Tuesday, May 21, 2013

'Zorba The Greek'



Nikos Kazantzakis wrote Zorba the Greek based on his real-life experiences with minor George Zorbas. No real word if the man was anything like the literary character, but we must assume as much. We do know that Zorbas was a spiritual man becoming a monk, which is how he met Kazantzakis.

Religion, faith and spirituality are the major themes to Zorba the Greek: “The boss” being an academic who is coaxed into this listless, carnal way of life by the free-wheeling Zorba, the man who’s seen too much death and war to put value into the faith of a God or gods. Even the struggle within the narrator is great although you get the feeling that the complexities of life – and even the small moments of gracious humanity – make a higher power a definite likelihood. If that makes sense.

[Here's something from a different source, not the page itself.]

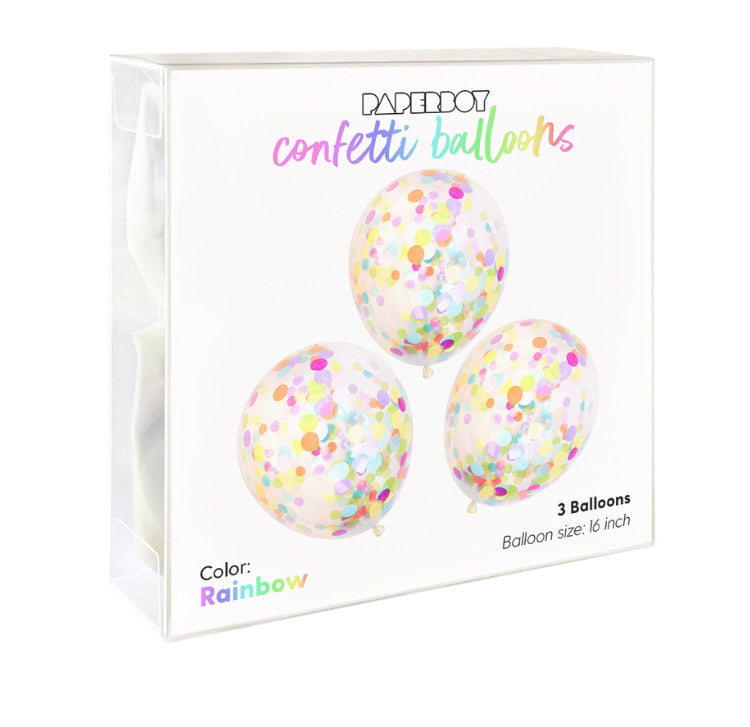 16" Confetti Balloons- Rainbow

I found myself thinking a lot about Jack Kerouac and his work while reading this. He himself a spiritual person, seeking some sort of satori or nirvana through life (drugs, women, poetry) not unlike Zorba who found it through women, food and music. And perhaps a hard day of work. Zorba the Greek was published in English in 1952, five years before Kerouac would publish On The Road, which is just the American version.

I wonder too how Kazantzakis’ home country of Greece and its current place in history affected his writing and even his personal thoughts on God or religion. In his time, there had been three prominent holocausts, one of which included his Greek brothers in the Ottoman Empire, a regime which also took its toll on the Armenians. Meanwhile, the word “genocide” hadn’t even been coined until Adolf Hitler gained power and began his pogroms against the Jewish population of Europe.

I would imagine the idea of God would be hard to comprehend under those circumstances.